DEMOCRATIE ET DICTATURE DE L'OPINION
Il existe, bien entendu, des régimes plus ou
moins démocratiques : des échelles de vertu démocratique sont dressées par
les institutions spécialisées qui ressemblent à des agences de notation.
A la base de la démocratie,
il y a naturellement le pouvoir du peuple. Ce peuple qui a rappelé ses
exigences à l’égard des gouvernants un peu partout dans le monde en cette année
2011 au point d’avoir été désigné par le magazine Time comme ‘’ l’homme de l’année’’.
Et, pourtant, la voix
du peuple n’est pas toujours jugée légitime.
QUAND
LES GOUVERNANTS CHERCHENT A ECHAPPER A LEURS RESPONSAVBILITES
Rappelons-nous ce qui s’est
passé lorsque le dirigeant grec Papandreou a voulu soumettre à son peuple par
voie de referendum le plan de rigueur qui lui était imposé par les autres pays européens.

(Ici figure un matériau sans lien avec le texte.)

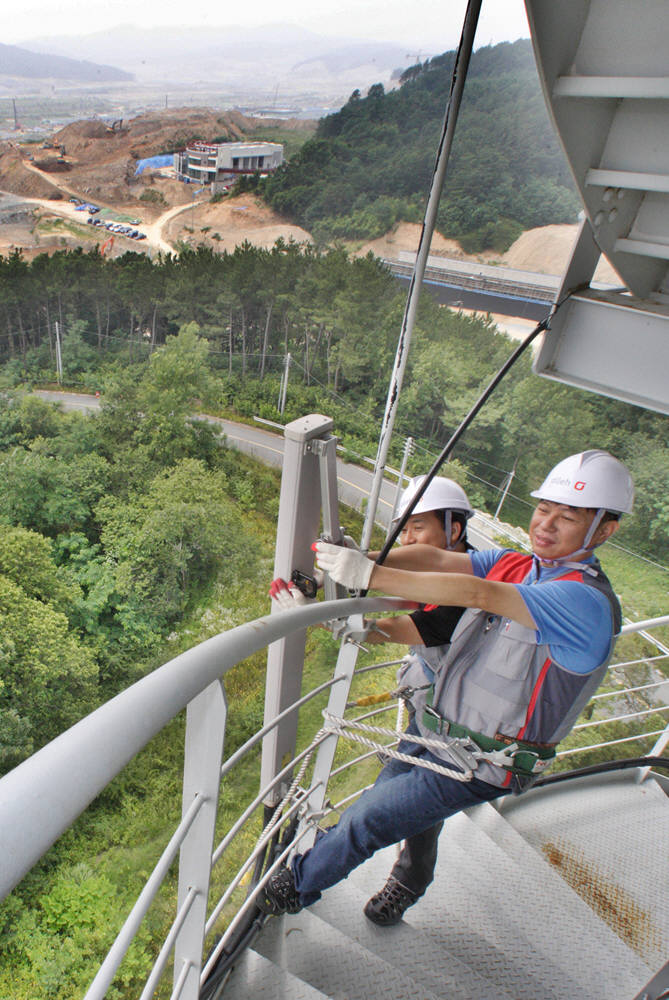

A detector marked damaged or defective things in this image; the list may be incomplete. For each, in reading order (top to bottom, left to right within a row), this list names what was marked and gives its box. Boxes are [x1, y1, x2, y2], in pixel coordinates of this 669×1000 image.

rusty stain on metal [544, 840, 664, 964]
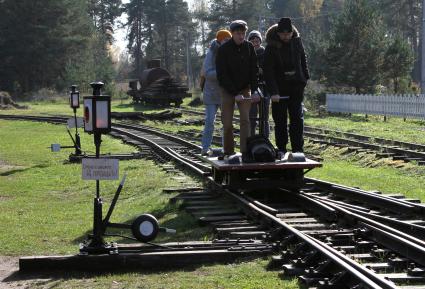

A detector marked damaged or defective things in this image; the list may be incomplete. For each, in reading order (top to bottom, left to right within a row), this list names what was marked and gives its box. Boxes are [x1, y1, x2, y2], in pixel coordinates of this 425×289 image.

rusty metal equipment [126, 58, 190, 107]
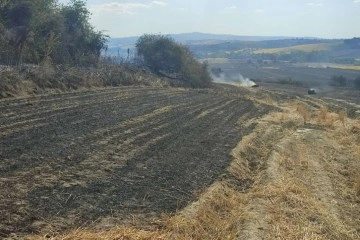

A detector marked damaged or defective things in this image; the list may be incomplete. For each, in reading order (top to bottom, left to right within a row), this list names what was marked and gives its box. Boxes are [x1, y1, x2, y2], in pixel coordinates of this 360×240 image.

charred agricultural field [0, 86, 270, 236]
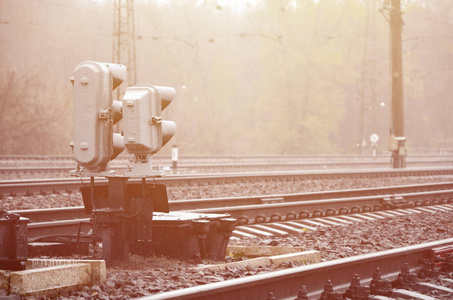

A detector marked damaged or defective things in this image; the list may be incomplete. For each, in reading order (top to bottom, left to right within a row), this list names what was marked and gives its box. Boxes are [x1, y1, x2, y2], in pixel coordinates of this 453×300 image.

rusty rail surface [140, 238, 453, 298]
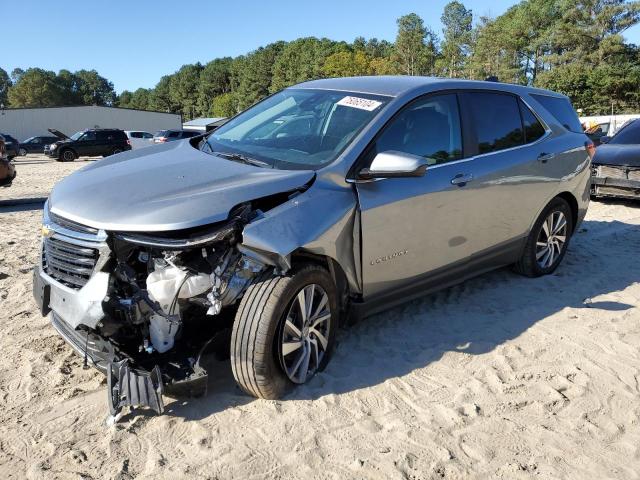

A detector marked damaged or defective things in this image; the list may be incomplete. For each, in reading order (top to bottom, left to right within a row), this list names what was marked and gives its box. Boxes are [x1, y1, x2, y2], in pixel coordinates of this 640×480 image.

Il a été sermonné, menacé par ses
collègues au point qu’il a du renoncer à cette consultation et faire approuver
le projet par le Parlement. Ce qui voudrait dire que, dans certaines
circonstances, la voix du peuple n’est pas toujours bienvenue.
Et, en effet, un
dirigeant charismatique peut abuser de son pouvoir pour court-circuiter les
élus et refuser leur médiation en s’adressant directement au peuple.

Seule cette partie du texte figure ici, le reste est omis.